C'est dans le chemin désertique qui va de la Palestine à Damas
que Jésus convertit Saul de Tarse (Ac 9:3), et quand celui-ci,
retourné, se voue à l'apostolat, il se retire d'abord au désert
d'Arabie pour repenser sa théologie et s'affirmer dans sa nouvelle
foi (Ga 1:17).

L'histoire de l'Église primitive et de celle du Moyen âge est
toute remplie des retraites au désert; et si les saints qui ont fait
de la solitude le but de leur vie terrestre se sont trompés, ceux qui
sont venus de cette solitude pour parler à l'Église ont été parmi ses
plus grands régénérateurs.

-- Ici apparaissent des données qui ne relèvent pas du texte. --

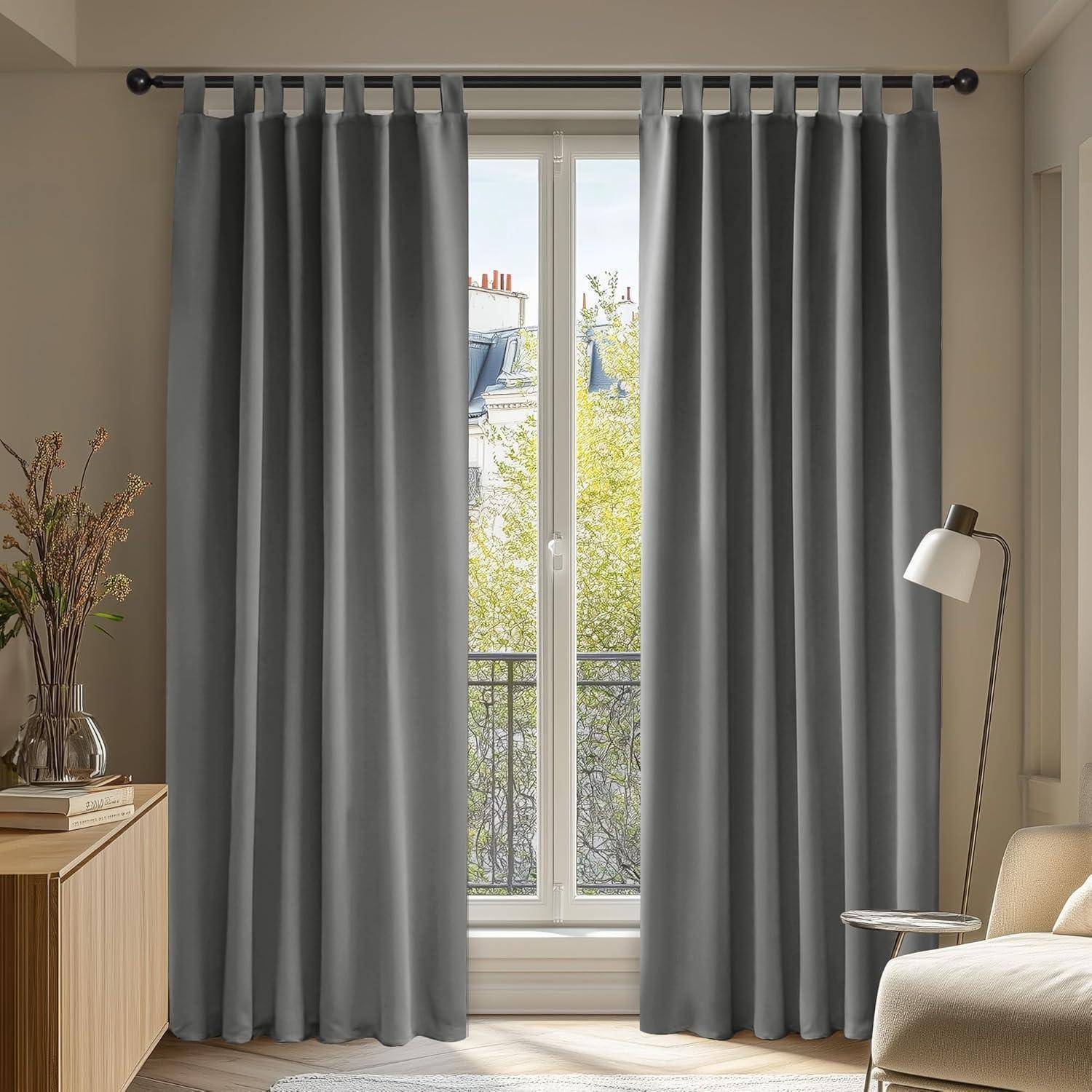 Ein Raum mit grauen Vorhängen, die über einem Fenster zugezogen sind, weiches natürliches Licht fällt hindurch. Eine Stehlampe und ein Holzschrank befinden sich in der Nähe.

Avant que le jansénisme des solitaires de
Port-Royal nous eût donné Pascal, la Réforme était sortie d'une
cellule de moine.

Ce qui fait la faiblesse de l'Église contemporaine, c'est que
dans la fièvre de la vie moderne on n'y retrouve plus de solitude. Or
la parole que le prophète Osée met dans la bouche de Jéhovah demeure
vraie pour tous les temps: «Je l'attirerai au désert, et là je
parlerai à son coeur».--Voir (Os 2:14) Regard, Silence. Alex. W.